CBS’ update of Hawaii Five-0 begins with a big-budget action sequence. A subtitle tells us that we’re in South Korea (although the landscape marks it quite obviously as being filmed in, yes, Hawaii), and we meet Steve McGarrett (Alex O’Loughlin), right in the middle of a prisoner transfer. Said prisoner is an Irish terrorist, and the terrorist’s big brother Victor Hesse (James Marsters) wants him freed. Hesse calls McGarrett’s cell phone for some fruitless negotiating that also allows Hesse’s associates to trace McGarrett’s phone. Before you know it, helicopters are firing missiles and blowing up military jeeps in a series of spectacular explosions, and both Hesse’s brother and McGarrett’s father back home in Honolulu end up dead.

Smartly staged by director Len Wiseman (Live Free or Die Hard, the Underworld franchise) this opening is fast-paced and technically impressive. Stuff blows up real good and the bullets fly as U.S. soldiers and black-clad terrorists face off. It’s a less effective introduction to McGarrett. And the rest of Hawaii Five-0‘s premiere episode suffers from the same problem. We know from the first scene that McGarrett is a military badass, cool under intense pressure. And… that’s about it.

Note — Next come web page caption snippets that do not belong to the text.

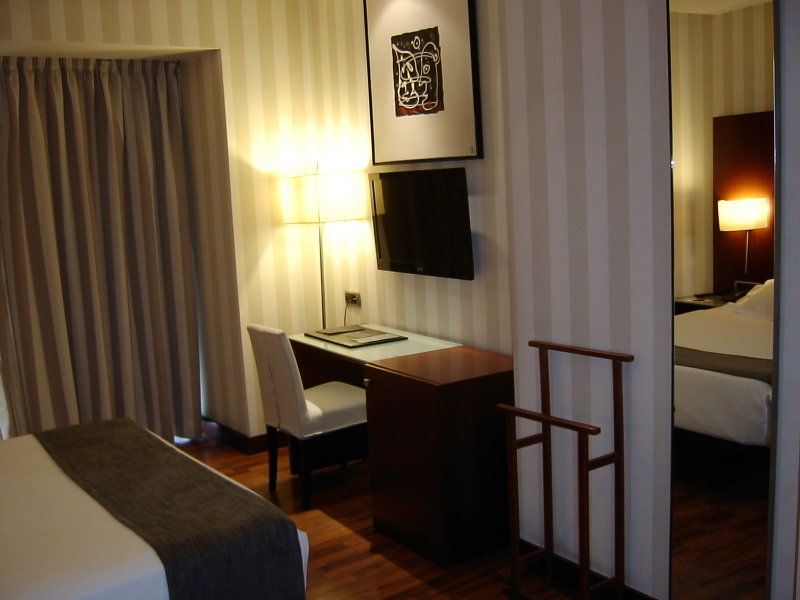 Hotel Rh Murcia Centro Ngoại thất bức ảnh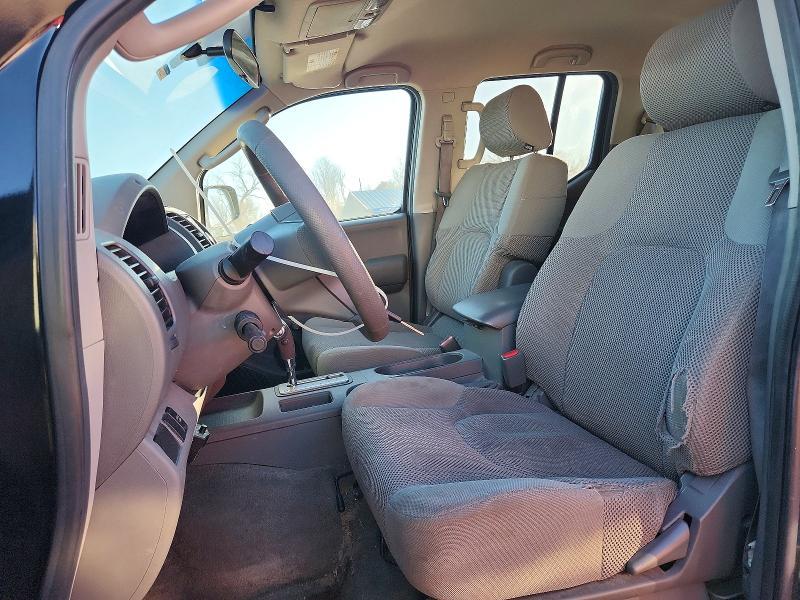 2005 Nissan Frontier Crew cab le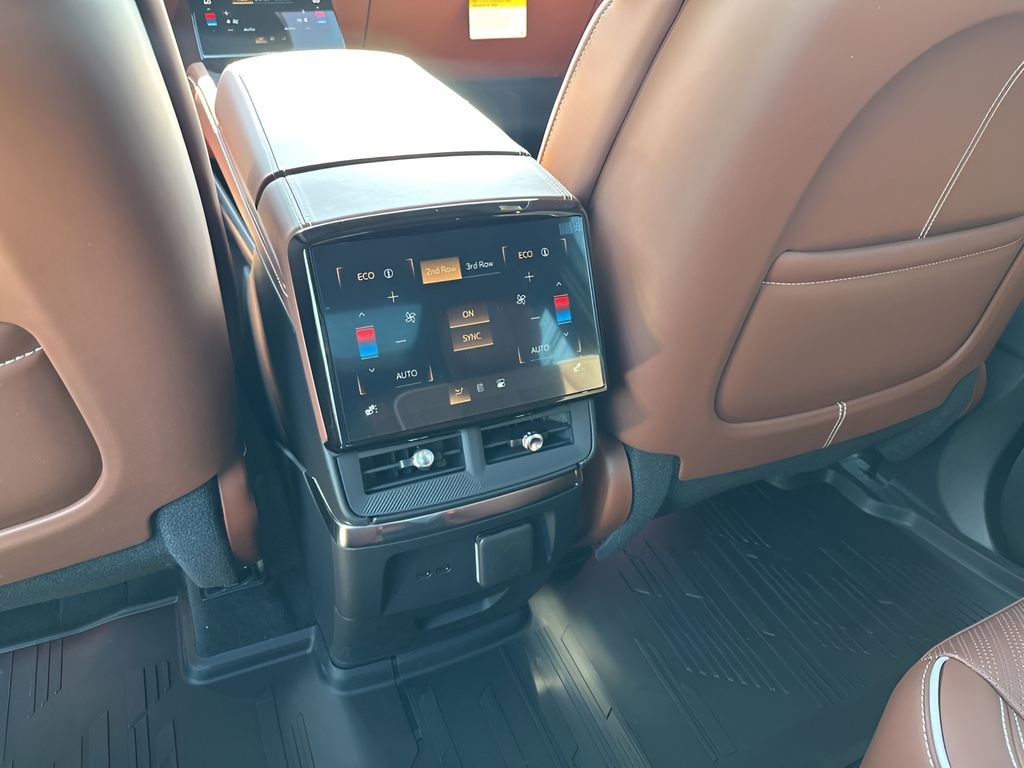 New 2026 Cadillac Vistiq Platinum w/ LPO, Floor Liner Package image 20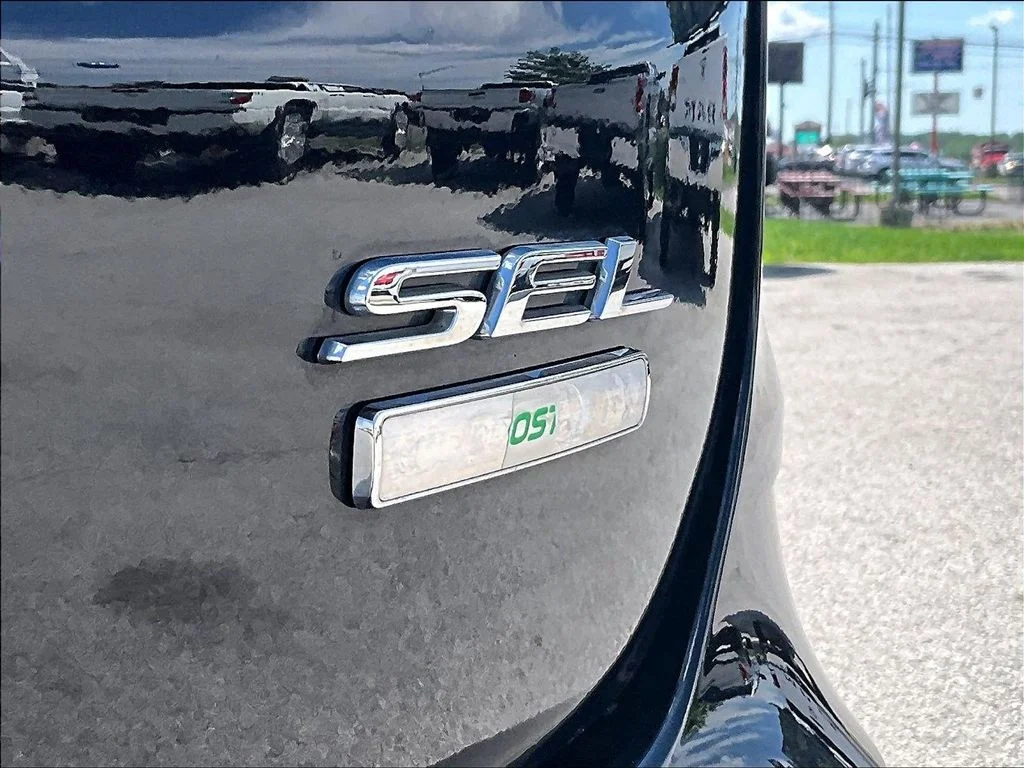 Used 2019 Black Ford SEL image 9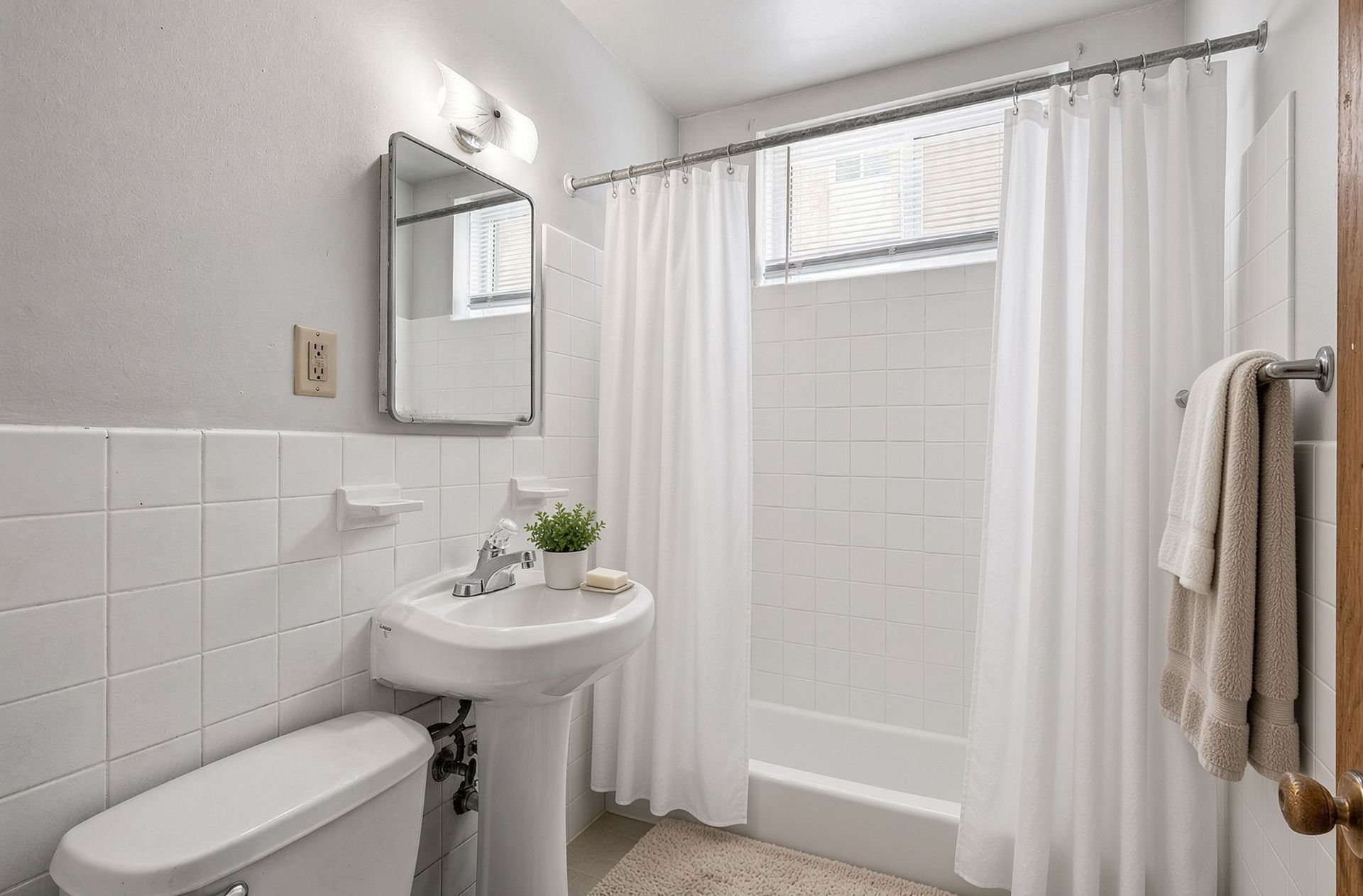 Bathroom in a Hanson Court apartment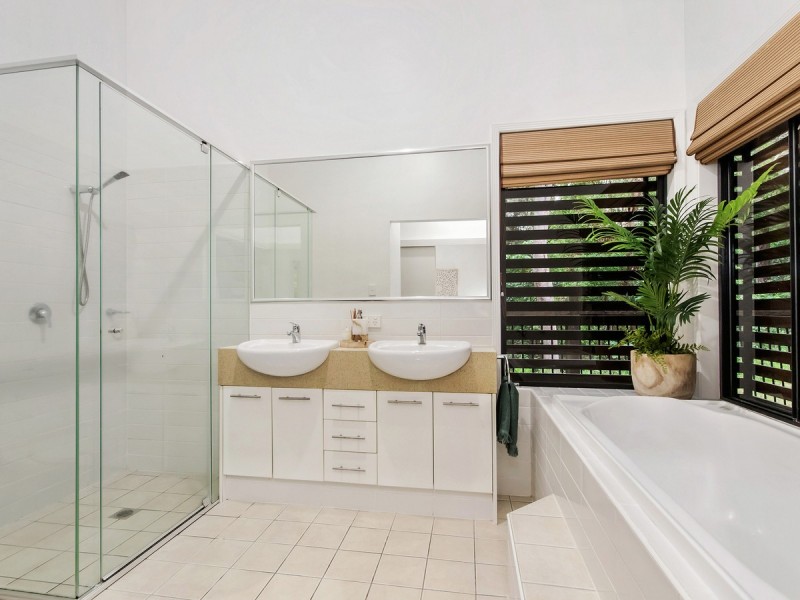 2 Observatory Drive, Reedy Creek QLD 4227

McGarrett grumbles his way through Honolulu, where’s just been assigned. He argues with local detective Danny Williams (Scott Caan) and generally acts like a jerk to everyone he meets. This intense, taciturn soldier can work in an action movie setting, but the lead in an ongoing series needs to be more complicated — or at least vaguely appealing. He does have a long list of credentials, as well as a family history on Oahu. We get to hear it all in the episode’s second scene, when Hawaii Governor Pat Jameson (Jean Smart) rattles it off while meeting him for the first time. She’s attempting to recruit him to lead an anti-terrorist task force on the islands, but he’s not interested.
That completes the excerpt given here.